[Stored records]
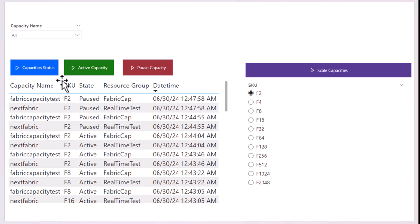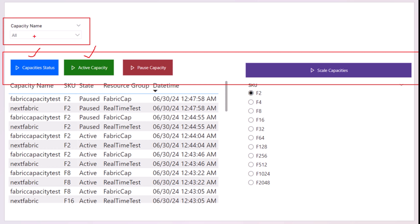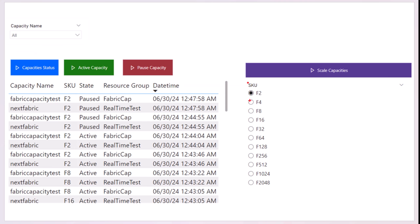I'll show you how to set up three different flows to resume, pause, and scale those capacities, then save the capacities' information after each of those actions into the streaming dataset and visualize that information in the Power BI report. The output will be four buttons: one to scan the Azure subscription, one to activate or resume capacities, one to pause them, and one to scale them.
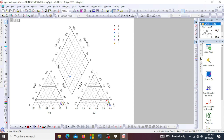So how do we interpret this Piper plot? If the data point falls near the sodium vertices, the water is sodium dominated. If it falls near the calcium vertices, it is calcium dominated. So wherever it falls, that ion dominates the water. In the case we have here, our data point falls between magnesium and sodium.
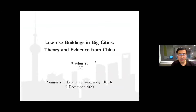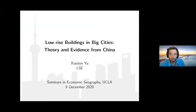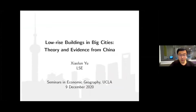Thank you very much Chris for having me here. I'm really glad to present this work. It's called 'Low-Rise Buildings in Big Cities: Theory and Evidence from China.' If you have any questions or comments, feel free to ask any time during my presentation.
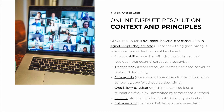The third principle is accessibility. Users should have access to their information constantly, at any time of the day, save naturally for scheduled downtime in the platform — but otherwise everything must be accessible. After that, the fourth principle is credibility or accreditation: the dispute resolution processes in ODR should be built on a foundation of quality, and the professionals should be accredited by associations or by other means.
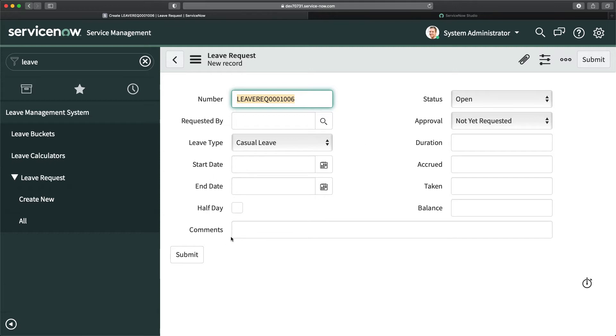Here we have this half day checkbox. As of now you can see I can fill the end date and also select this box. Ideally it should not happen.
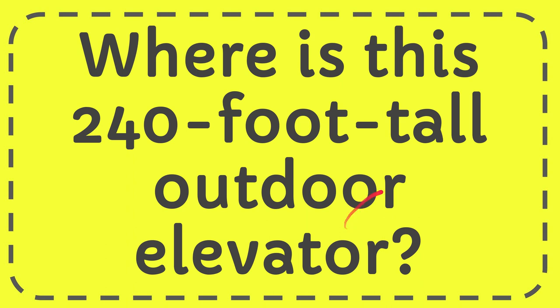In this video I'm going to give you the answer for this question and the question is where is this 240 foot tall outdoor elevator?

## AIM OF THE TASK:
Please write out all the data word for word, but keep every picture out.

## WRITTEN ANSWER:
I'll show you how to set up three different flows to resume, pause, and scale those capacities, then save the capacities' information after each of those actions into the streaming dataset and visualize that information in the Power BI report. The output will be four buttons: one to scan the Azure subscription, one to activate or resume capacities, one to pause them, and one to scale them.
So how do we interpret this Piper plot? If the data point falls near the sodium vertices, the water is sodium dominated. If it falls near the calcium vertices, it is calcium dominated. So wherever it falls, that ion dominates the water. In the case we have here, our data point falls between magnesium and sodium.
Thank you very much Chris for having me here. I'm really glad to present this work. It's called 'Low-Rise Buildings in Big Cities: Theory and Evidence from China.' If you have any questions or comments, feel free to ask any time during my presentation.
The third principle is accessibility. Users should have access to their information constantly, at any time of the day, save naturally for scheduled downtime in the platform — but otherwise everything must be accessible. After that, the fourth principle is credibility or accreditation: the dispute resolution processes in ODR should be built on a foundation of quality, and the professionals should be accredited by associations or by other means.
Here we have this half day checkbox. As of now you can see I can fill the end date and also select this box. Ideally it should not happen.
In this video I'm going to give you the answer for this question and the question is where is this 240 foot tall outdoor elevator?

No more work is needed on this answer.